Mailing List Archive

[XEN v4 10/11] xen/Arm: GICv3: Define macros to read/write 64 bit
On AArch32, ldrd/strd instructions are not atomic when used to access MMIO.
Furthermore, ldrd/strd instructions are not decoded by Arm when running as
a guest to access emulated MMIO region.
Thus, we have defined readq_relaxed_non_atomic()/writeq_relaxed_non_atomic()
which in turn calls readl_relaxed()/writel_relaxed() for the lower and upper
32 bits.
For AArch64, readq_relaxed_non_atomic()/writeq_relaxed_non_atomic() invokes
readq_relaxed()/writeq_relaxed() respectively.
As GICv3 registers (GICD_IROUTER, GICR_TYPER) can be accessed in a non atomic
manner, so we have used readq_relaxed_non_atomic()/writeq_relaxed_non_atomic().

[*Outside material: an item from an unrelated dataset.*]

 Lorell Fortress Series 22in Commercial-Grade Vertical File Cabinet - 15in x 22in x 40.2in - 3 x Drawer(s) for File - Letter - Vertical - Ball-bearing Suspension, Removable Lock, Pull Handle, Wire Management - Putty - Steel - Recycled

Signed-off-by: Ayan Kumar Halder <ayan.kumar.halder@amd.com>
---

Changes from :-
v1 - 1. Use ldrd/strd for readq_relaxed()/writeq_relaxed().
2. No need to use le64_to_cpu() as the returned byte order is already in cpu
endianess.

v2 - 1. Replace {read/write}q_relaxed with {read/write}q_relaxed_non_atomic().

v3 - 1. Use inline function definitions for {read/write}q_relaxed_non_atomic().
2. For AArch64, {read/write}q_relaxed_non_atomic() should invoke {read/write}q_relaxed().
Thus, we can avoid any ifdef in gic-v3.c.

xen/arch/arm/gic-v3.c | 6 +++---
xen/arch/arm/include/asm/arm32/io.h | 20 ++++++++++++++++++++
xen/arch/arm/include/asm/arm64/io.h | 2 ++
3 files changed, 25 insertions(+), 3 deletions(-)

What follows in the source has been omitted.